Twice in the past few months I have had the opportunity to participate in a Fireside Chat with my friend Len Pierre of Katzie First Nation, which have been hosted by the College of Physical Therapists of British Columbia. During the conversations, he and I each shared our perspectives and experiences: him as an Indigenous Person and Cultural Safety Educator, and me as a non-Indigenous person on my cultural humility journey, working as a clinician in First Nations communities.
A week after the first session was filmed I opened an email from a Physiotherapist who had watched the recording and felt compelled to reach out. She and her colleague, an Occupational Therapist, had stepped forward and offered their services to a remote community, and were extremely excited about the opportunity, but feeling apprehensive and uncertainty about practices and protocols they should be mindful of during their visit.
As we started emailing back and forth, I quickly discovered that the Nation they were traveling to was the same one I was going to, just a few days later! We were on the same helicopter, traveling with the amazing nonprofit organization, Helicopters Without Borders. We scheduled a video call for the weekend, and sat down to share a chat.
One of the first questions I asked them was who their community contact was. When visiting a Nation it is important to be invited, and not to arrive unexpectedly. George Harris Jr. often explains First Nations communities by saying: “visiting a Nation is like visiting someone's home. You wouldn’t ever just walk into someone's house and start poking around. It’s important to be invited in. And if you are invited in, it’s important to walk softly. Literally. Do not come in being loud or boisterous. Quietly read the room and pay attention to the dynamics of the space. This is how you show respect to your host.”
After we got that piece sorted out, I asked them if they knew any protocols around gift giving. When you are invited to a community, especially the first time, it is very important to bring a gift with you. George explains that “this is a way to show gratitude to your host. Gift-giving is an extremely important cultural practice.” This suggestion sparked a lot of questions: what is an appropriate gift? How should I give it? For me, if I don’t know how many people will be in the health center, I like to bring baking - something that can be sliced into multiple pieces and shared. I have also brought bags of small oranges, plums from my neighborhood, smoked salmon, and once even a sub sandwich platter. If possible, I try to bring something that is connected to me in some way, that provides context about who I am. Both women got thinking about what they could bring.

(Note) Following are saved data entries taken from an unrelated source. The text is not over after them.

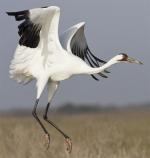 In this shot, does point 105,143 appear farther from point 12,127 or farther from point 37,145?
point 12,127

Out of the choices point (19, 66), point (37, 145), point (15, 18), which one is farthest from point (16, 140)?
point (15, 18)

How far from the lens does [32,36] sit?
42.4ft

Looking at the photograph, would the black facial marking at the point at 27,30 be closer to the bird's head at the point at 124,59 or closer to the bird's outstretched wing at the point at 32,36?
the bird's outstretched wing at the point at 32,36

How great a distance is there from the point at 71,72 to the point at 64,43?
42.0 inches

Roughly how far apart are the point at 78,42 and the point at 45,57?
1.73 metres

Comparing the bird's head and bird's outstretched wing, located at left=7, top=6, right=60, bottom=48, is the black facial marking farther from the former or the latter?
the bird's head

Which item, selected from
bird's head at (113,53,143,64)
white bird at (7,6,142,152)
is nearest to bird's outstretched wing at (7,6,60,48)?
white bird at (7,6,142,152)

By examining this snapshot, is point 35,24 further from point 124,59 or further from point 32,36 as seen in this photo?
point 124,59

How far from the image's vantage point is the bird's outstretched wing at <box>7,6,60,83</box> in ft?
41.2

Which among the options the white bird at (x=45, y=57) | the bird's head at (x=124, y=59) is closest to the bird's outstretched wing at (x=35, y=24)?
the white bird at (x=45, y=57)

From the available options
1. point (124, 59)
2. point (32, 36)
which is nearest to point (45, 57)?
point (32, 36)

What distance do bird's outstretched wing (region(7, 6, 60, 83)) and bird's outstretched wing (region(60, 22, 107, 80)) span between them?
27.5 inches

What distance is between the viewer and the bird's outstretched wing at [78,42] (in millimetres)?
14008

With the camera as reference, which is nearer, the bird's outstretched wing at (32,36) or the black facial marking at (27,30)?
the black facial marking at (27,30)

Finally, we talked about the importance of introductions. When I connected with Len last week, we shared a conversation about this specific topic. He offered that "introductions are vital, and a sign of respect. When someone new is in the presence of an Elder, it is important that the Elder does not have to guess who that person is and why they are in community. Share who you are, where you are from, and why you are there." Talk a bit about yourself, make a connection, and seek a common bond.

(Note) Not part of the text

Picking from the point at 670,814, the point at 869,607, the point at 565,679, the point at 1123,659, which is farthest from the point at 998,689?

When I arrived at the Comox airport, both of the women were there and waiting. We boarded the helicopter, and took in the stunning forty minute flight into community. I was setting up in the school, and got busy with the unloading of my cargo and setting up of my portable dental clinic. I observed the clinicians making their way along the platform to the health center, gifts in hand, and sent them all the good vibes. Once my clinic was set up, I headed over to say my hello’s, and the staff there were already buzzing about the gifts on the table: brownies, cookies, and garlic from their garden. At lunchtime we all gathered together and enjoyed a meal and the accompanying treats. It was such a lovely way to connect and establish a meaningful relationship. I was so happy to witness the sparks of a positive relationship unfolding, and the interactions reaffirmed the importance of visiting a community with a bit of foundational knowledge and understanding. I want to extend my gratitude to George and Len, and all the Mentors who help to light the path for those seeking guidance and understanding. I appreciate your support very, very much.